Will people flock to the casino on 1st Street NW in impactful numbers? Probably not. Nationwide, counties that open gambling venues see only marginal economic improvement compared to neighboring counties without those venues (Lim 2017, Radhakrishnan 2015). Even a gambling destination like Atlantic City "has difficulty keeping a single grocery store open" (Scavette 2022, citing Burch 2021).

Cedar Rapids is not a small town, we already have grocery stores, and our economy is not struggling. So it's safe to say we will not be Vegas on the Cedar, whether that's a good thing or a bad thing. But businesses aren't required to be transformative before they open. Visions of tourism glory set aside, is there any reason to dislike this project? Alas, yes.

The opportunity costs for that land are painfully high. Businesses that get handed nine square blocks in the core of the city had damned well better be transformative. (See the map with the 2022 story for dimensions.)  If the casino was going to land on the edge of town, say by the extension of Highway 100, we would not be having this conversation. But we're going to land it on a huge chunk of the near northwest side that had been planned a few years ago for high-intensity urban development once flood protection was installed:
hypothetical zoning map from 2017 open house
story board, 2017 Northwest side open house

As with First and First, anyone with imagination can come up with multiple projects for this territory that would blend more with the existing neighborhood and produce more return for the city: missing middle housing, a school, a corner grocery store and pharmacy, a hotel, a park, a downtown-scaled Target like the one just opened in Iowa City... anything really that wouldn't rely so heavily on out-of-town traffic and (gulp!) parking. Imagine Clinton's Wild Rose Casino--appropriately and conveniently located on the outskirts of town--plopped onto a large portion of our town's most valuable land. Make sure you have plenty of antacid before you do this, though.

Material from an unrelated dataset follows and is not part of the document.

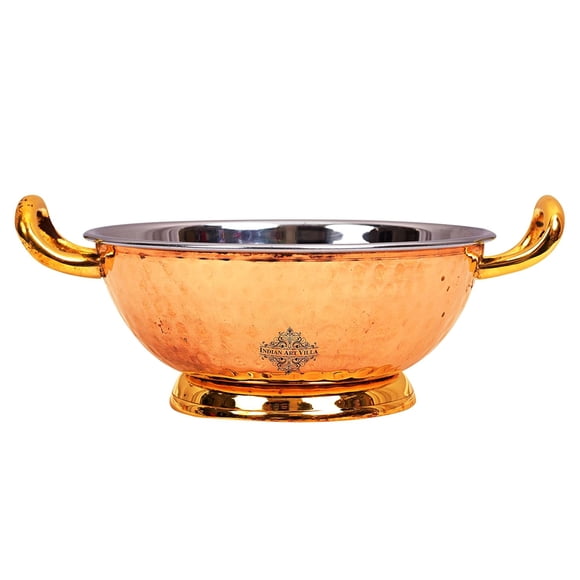 Steel Copper Hammered Design Kadhai Wok With Brass Bottom & Handles - 1000ml, Brown | Tableware Serveware Dishware For Home, Hotel & Restaurant - Break Resistant, Scratch Resistant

The deal with Peninsula Pacific Entertainment is less advantageous to the city. In 2013, I thought we'd sold short compared to Springfield, but this version sells even shorter. Compared to the 2013 proposal, the footprint is bigger, the number of competing venues is greater, and the much-touted charitable donations the group has promised are lower. (I'm no movie expert, but I know the difference between net and gross!)

FEATURE

SPRINGFIELD

CR 2013

CR 2023

Street Position

Multiple pods within existing street grid

One pod on one megablock

One pod on even bigger megablock

Housing feature

54 market-rate apartments

None

None

Additional amenities

Bowling alley, movie theater (won’t compete with existing venues)

Restaurants, event center (competing with existing venues)

Bars, restaurants, event center, “foodertainment” center (competing with existing venues)

Annual taxation

$26 million

·       $1.2 million + 1 percent of gross receipts

·       charitable donation of 3 percent of gross receipts

·       Wagering tax information not found and may not have been decided

·       Charitable donation of 8 percent of net receipts

Legal status

Provisions fixed by voter-approved measure

Provisions evolving

Provisions evolving

Transportation

Casino workers can take bus to work, close to transit center

Limited bus service, not close to transit center

Limited bus service, far from transit center


I conclude this retrospective the same way I concluded the 2013 piece:
I expect the Linn County Casino is going to be built, and the results will not be all bad. However, despite its primo location the casino won't enhance the emerging urbanism of downtown Cedar Rapids, nor will it provide much needed connectedness between downtown and the near west side neighborhoods. How did Springfield, which is clearly in more desperate shape than Cedar Rapids, manage to swing such a favorable, far-sighted deal? How did Cedar Rapids manage to miss this opportunity?